═══ RECORD EXCERPTS

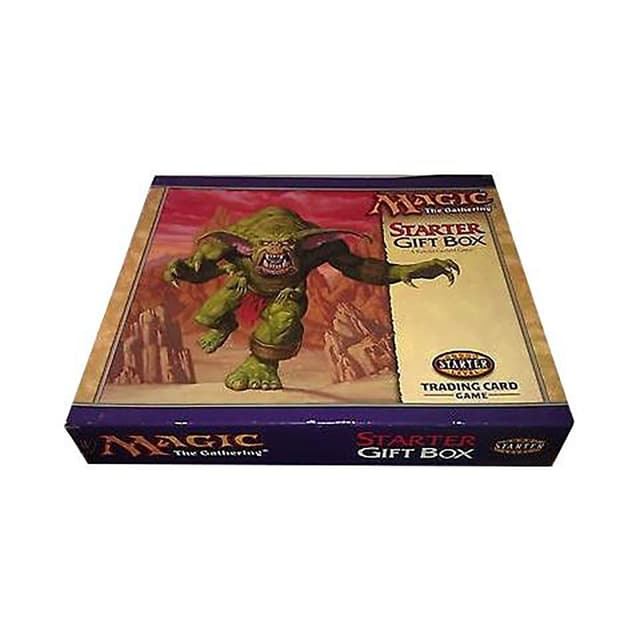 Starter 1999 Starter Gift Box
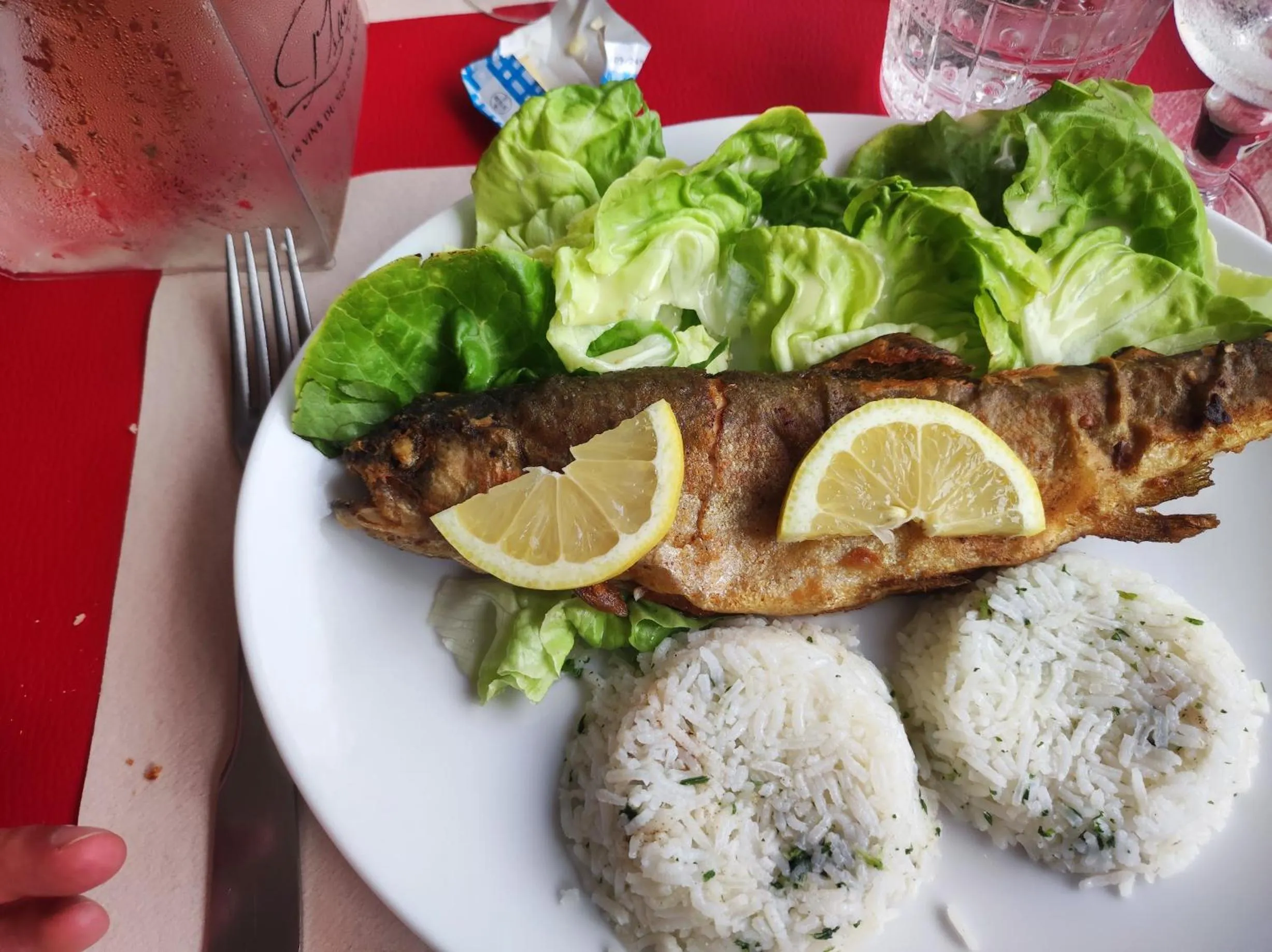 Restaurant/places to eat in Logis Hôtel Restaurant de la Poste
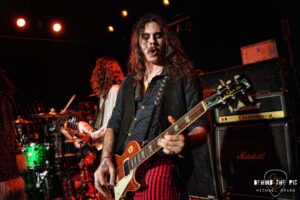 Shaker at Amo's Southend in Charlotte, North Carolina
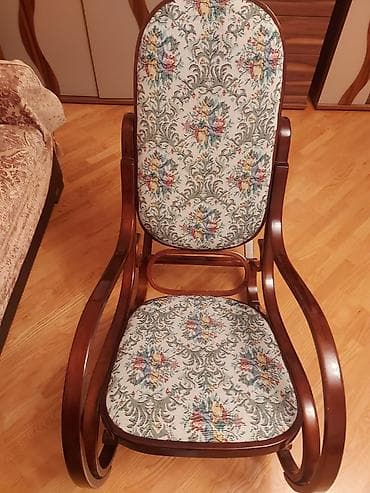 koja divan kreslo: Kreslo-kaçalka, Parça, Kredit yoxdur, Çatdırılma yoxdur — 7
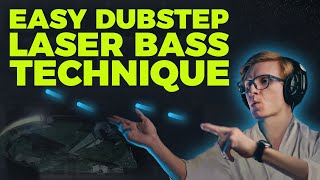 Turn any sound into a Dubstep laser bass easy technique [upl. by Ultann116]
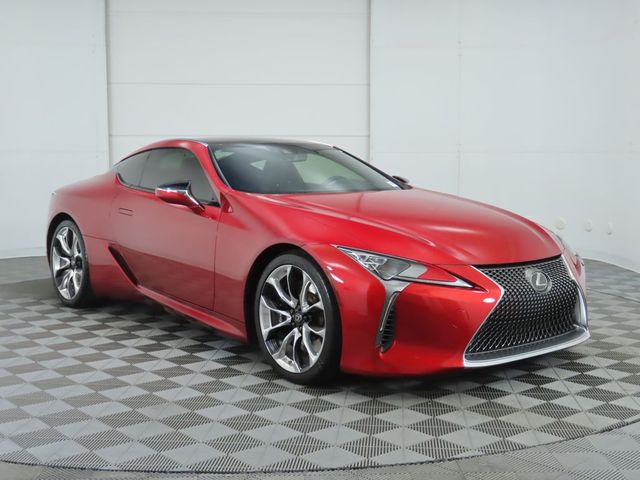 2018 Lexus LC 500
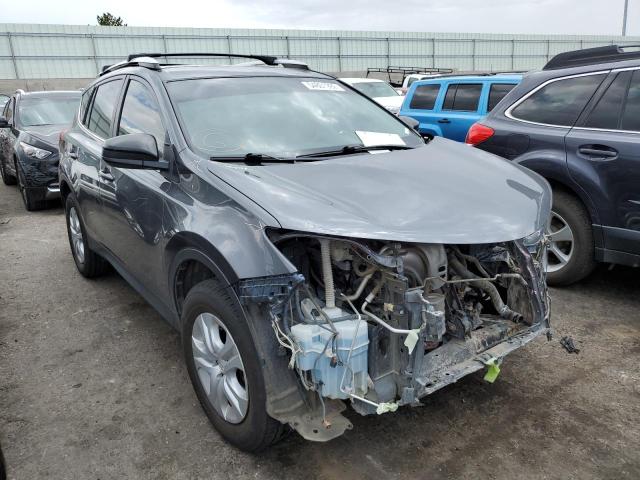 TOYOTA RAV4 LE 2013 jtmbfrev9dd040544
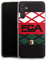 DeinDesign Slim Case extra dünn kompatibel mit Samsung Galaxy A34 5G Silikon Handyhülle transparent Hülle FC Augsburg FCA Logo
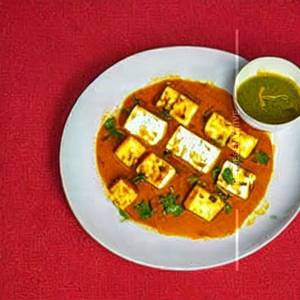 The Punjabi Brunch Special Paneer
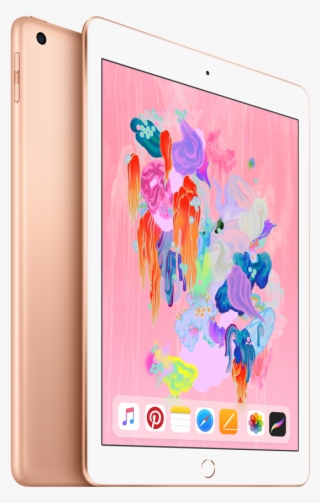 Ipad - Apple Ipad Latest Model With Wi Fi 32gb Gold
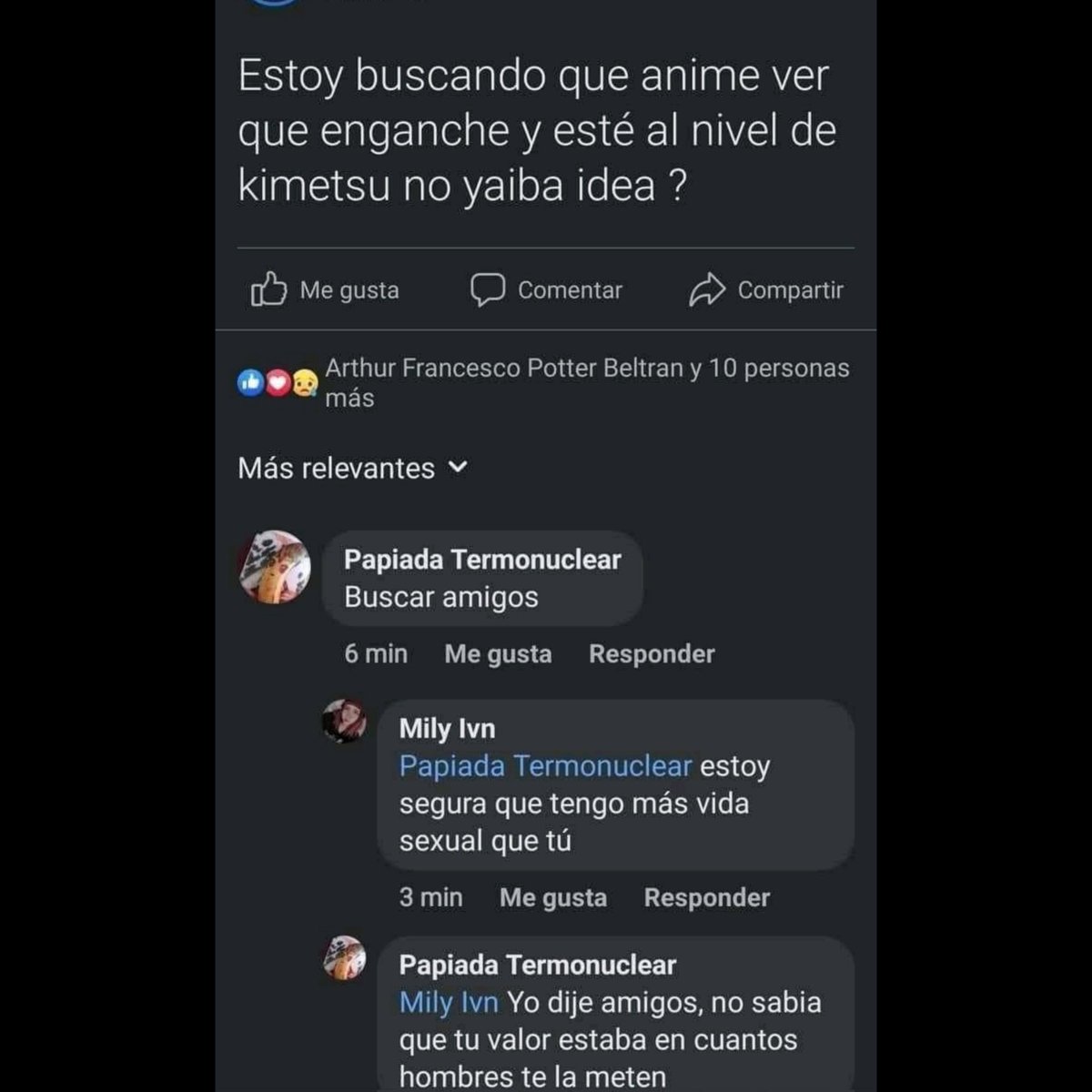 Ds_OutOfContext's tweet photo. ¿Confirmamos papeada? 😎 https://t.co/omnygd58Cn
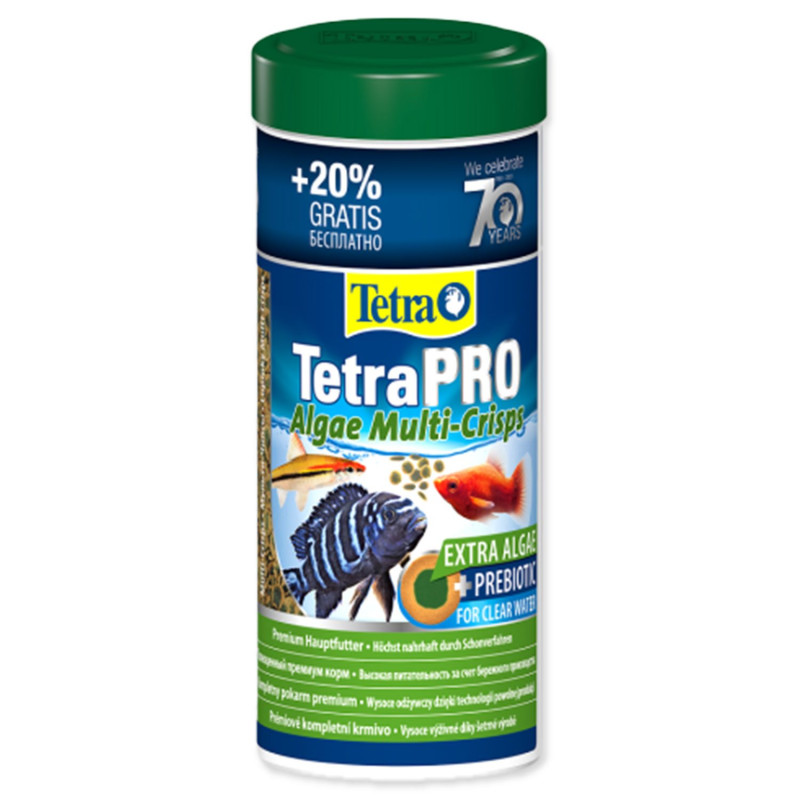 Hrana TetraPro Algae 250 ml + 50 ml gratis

══════

* [HOW TO COMPLETE THIS TASK] Only the lines above from the one containing "Restaurant/places to eat" through the one containing "TOYOTA RAV4 LE 2013 jtmbfrev9dd040544" should be returned, verbatim and inclusive, with pictures excluded.

* [ANSWER BOX]
 Restaurant/places to eat in Logis Hôtel Restaurant de la Poste
 Shaker at Amo's Southend in Charlotte, North Carolina
 koja divan kreslo: Kreslo-kaçalka, Parça, Kredit yoxdur, Çatdırılma yoxdur — 7
 Turn any sound into a Dubstep laser bass easy technique [upl. by Ultann116]
 2018 Lexus LC 500
 TOYOTA RAV4 LE 2013 jtmbfrev9dd040544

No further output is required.